Cite as: 536 U. S. 765 (2002)
Opinion of the Court
Any party taking that position is just as likely to lose. The judge is applying the law (as he sees it) evenhandedly.7
B
It is perhaps possible to use the term "impartiality" in the judicial context (though this is certainly not a common usage) to mean lack of preconception in favor of or against a particular legal view. This sort of impartiality would be concerned, not with guaranteeing litigants equal application of the law, but rather with guaranteeing them an equal chance to persuade the court on the legal points in their case. Impartiality in this sense may well be an interest served by the announce clause, but it is not a compelling state interest, as strict scrutiny requires. A judge's lack of predisposition regarding the relevant legal issues in a case has never been thought a necessary component of equal justice, and with good reason. For one thing, it is virtually impossible to find a judge who does not have preconceptions about the law.
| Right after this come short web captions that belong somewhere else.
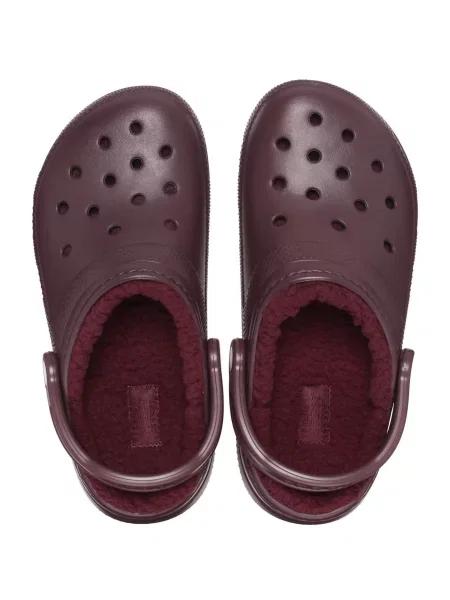 Сабо Crocs бордовые
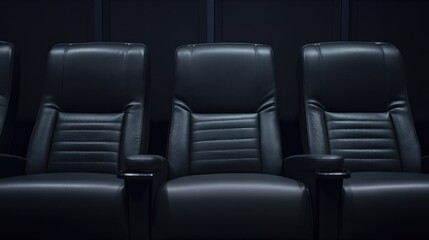 Fototapeta premium Empty Seats in a Movie Theater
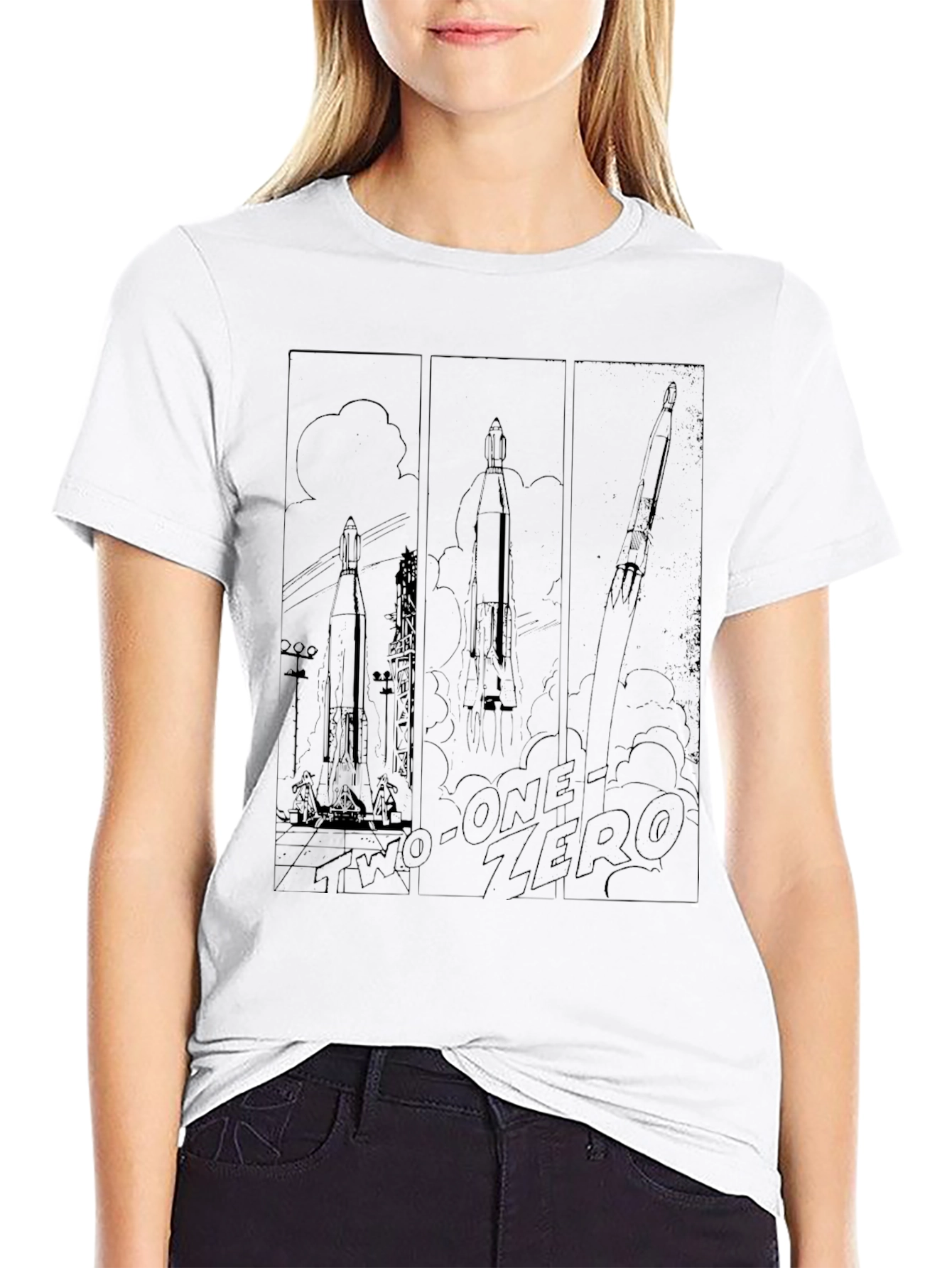 Rocket Launch T-Shirt - Countdown Design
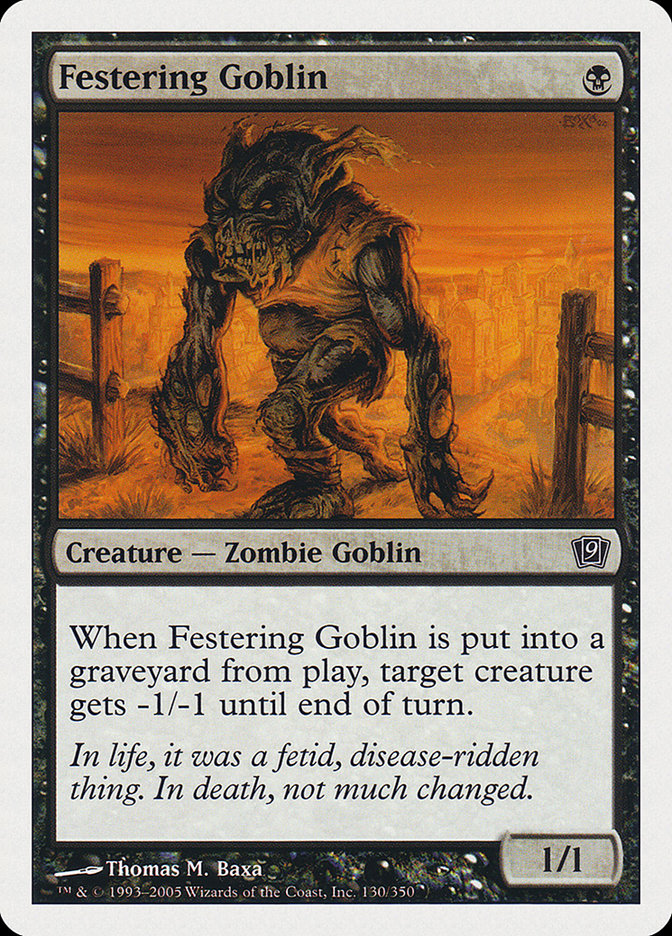 Festering Goblin [Ninth Edition]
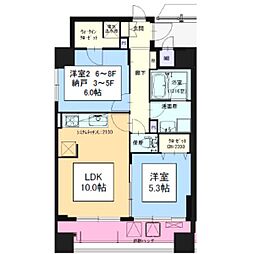 レジェンドK 2LDKの間取図画像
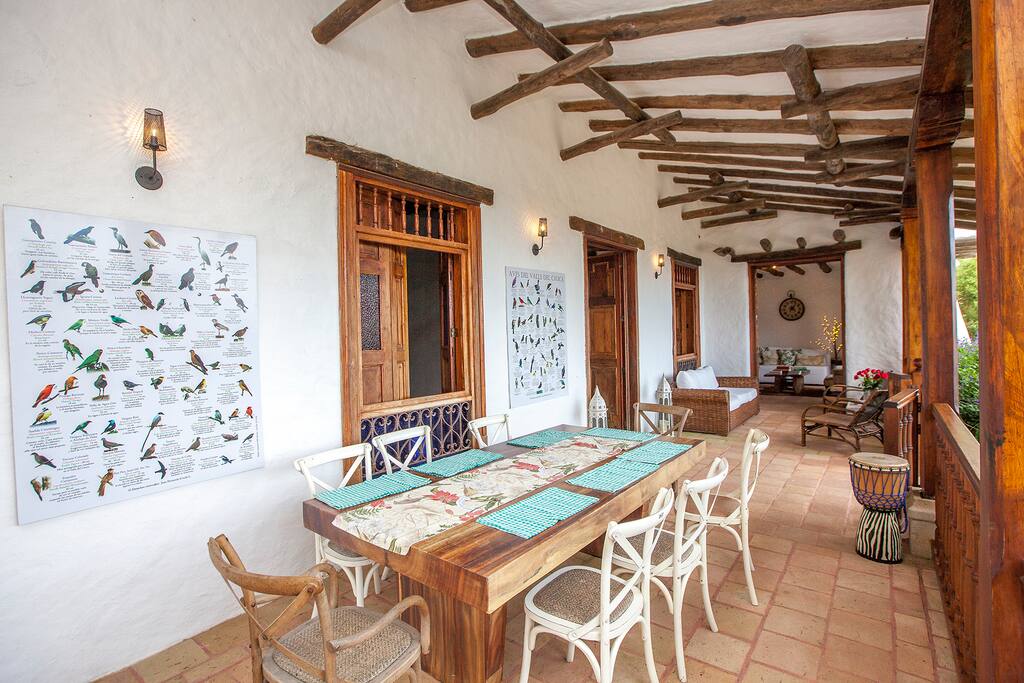 The front terrace, where you can have a delicious breakfast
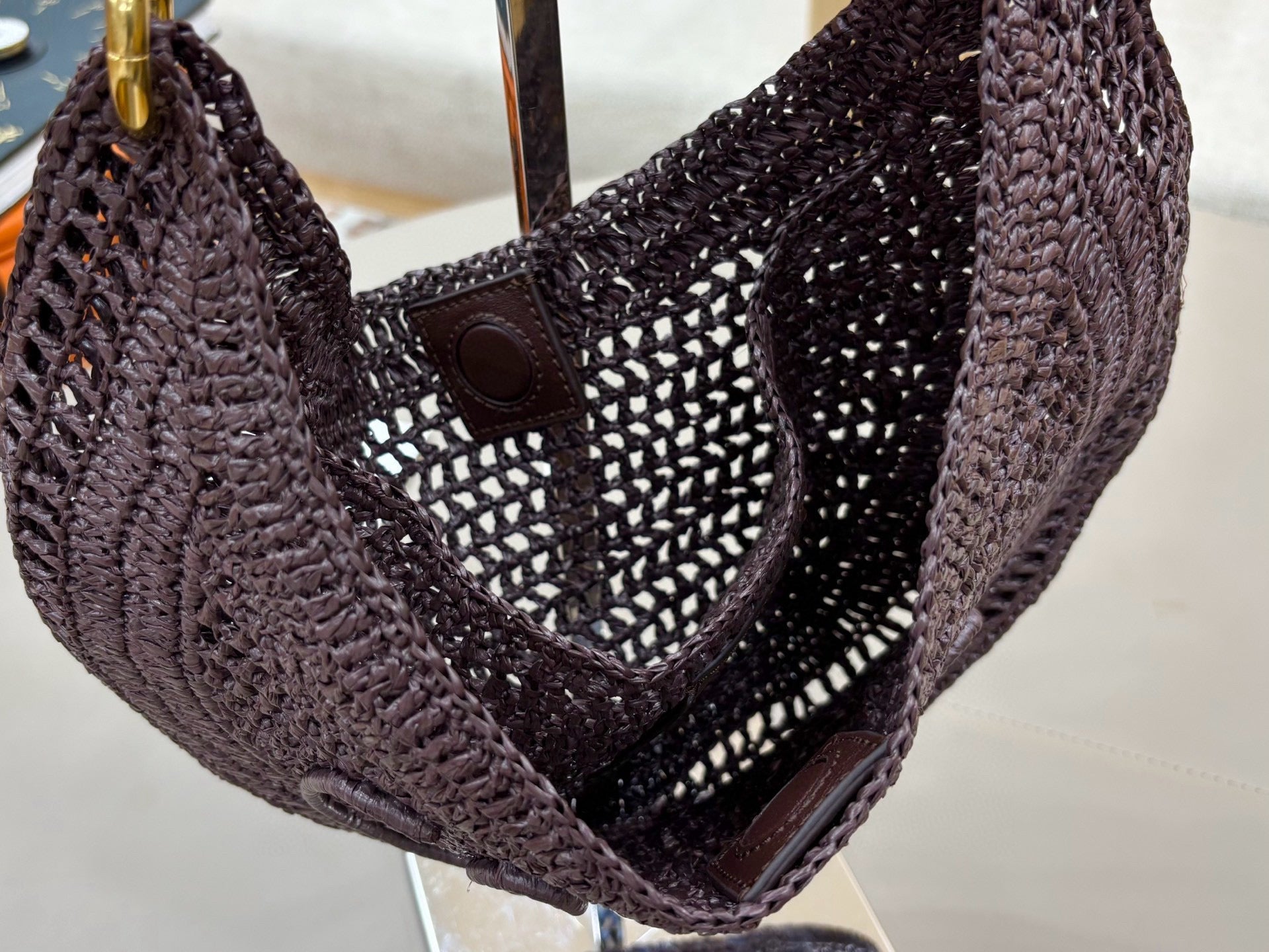 CHLO¨¦ 25S SUMMER BANANA HOBO BAG 36 IN BROWN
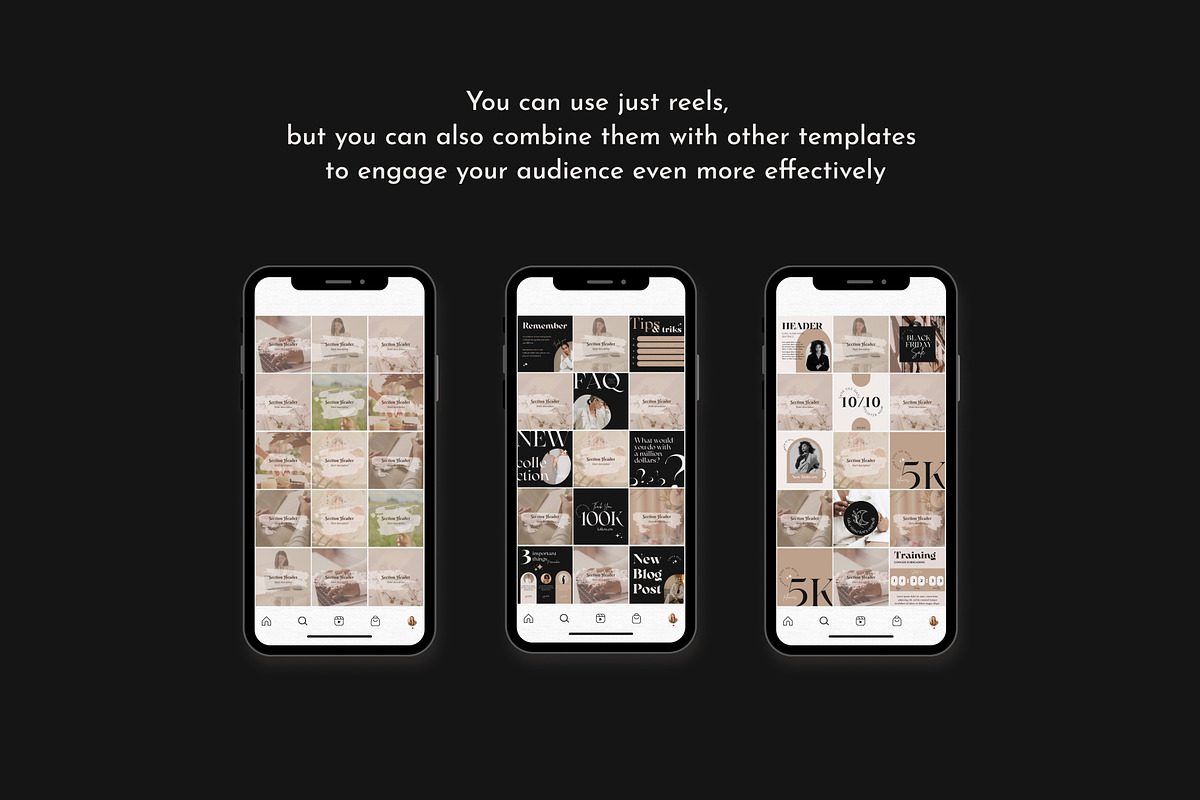 Aesthetic Instagram Reels Templates, a Social Media Template by Studio DigiCraft (Photo 7 of 9)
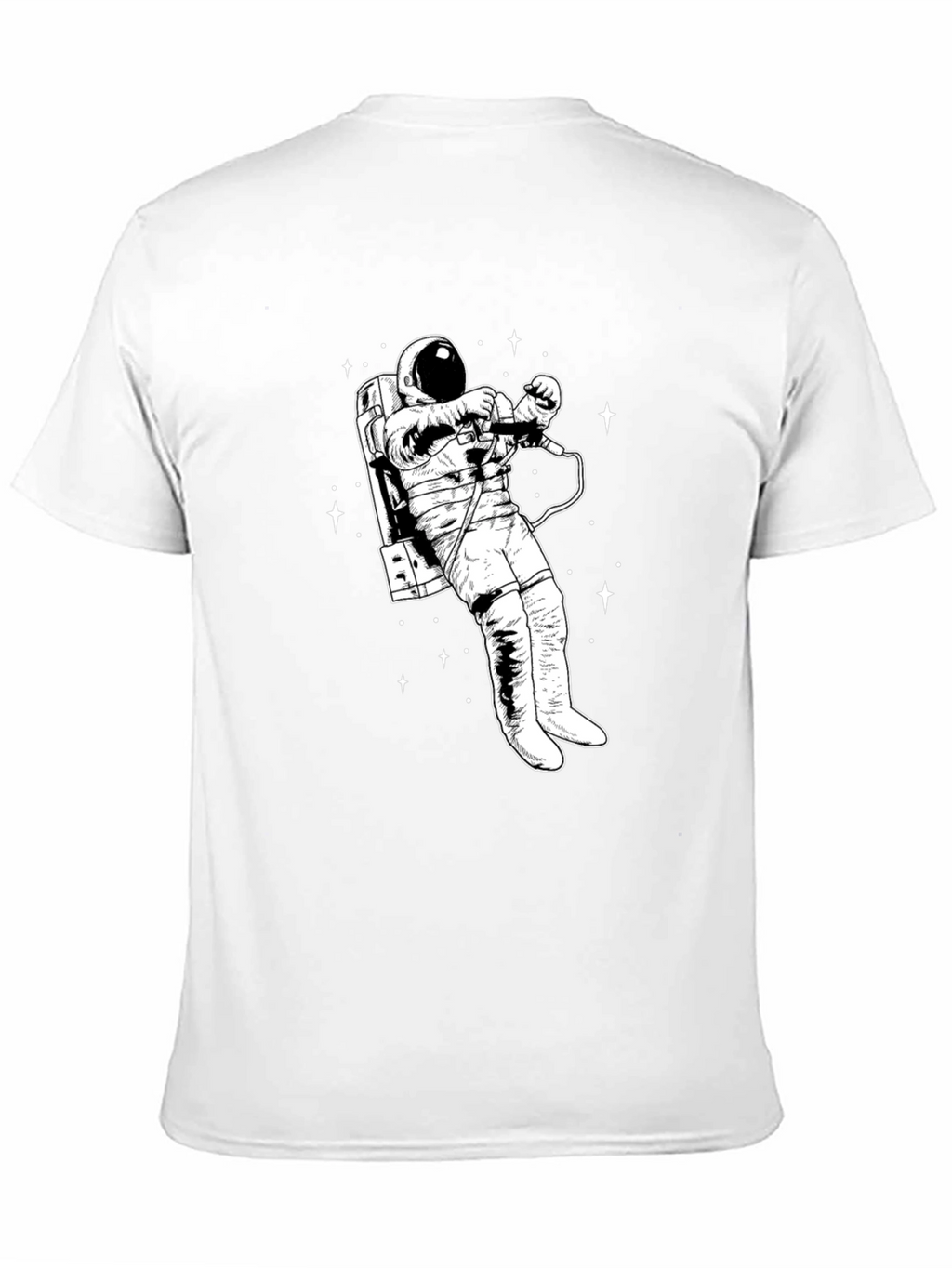 Astronaut Graphic T-Shirt - Black Crew Neck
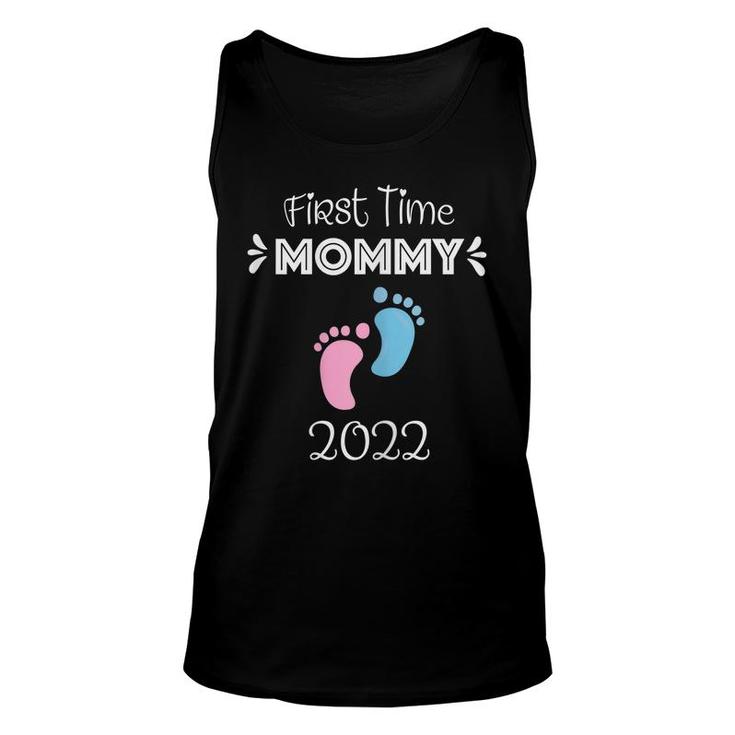First Time Mommy 2022 Funny New Mom Promoted To Mommy 2022  Unisex Tank Top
As then-Justice Rehnquist observed of our own Court: "Since most Justices come to this bench no earlier than their middle years, it would be unusual if they had not by that time formulated at least some tentative notions that would influence them in their interpretation of the sweeping clauses of the Constitution and their interaction with one another. It would be not merely unusual, but extraordinary, if they had
7 Justice Stevens asserts that the announce clause "serves the State's interest in maintaining both the appearance of this form of impartiality and its actuality." Post, at 801. We do not disagree. Some of the speech prohibited by the announce clause may well exhibit a bias against parties—including Justice Stevens's example of an election speech stressing the candidate's unbroken record of affirming convictions for rape, ante, at 800-801. That is why we are careful to say that the announce clause is "barely tailored to serve that interest," supra, at 776 (emphasis added). The question under our strict scrutiny test, however, is not whether the announce clause serves this interest at all, but whether it is narrowly tailored to serve this interest. It is not.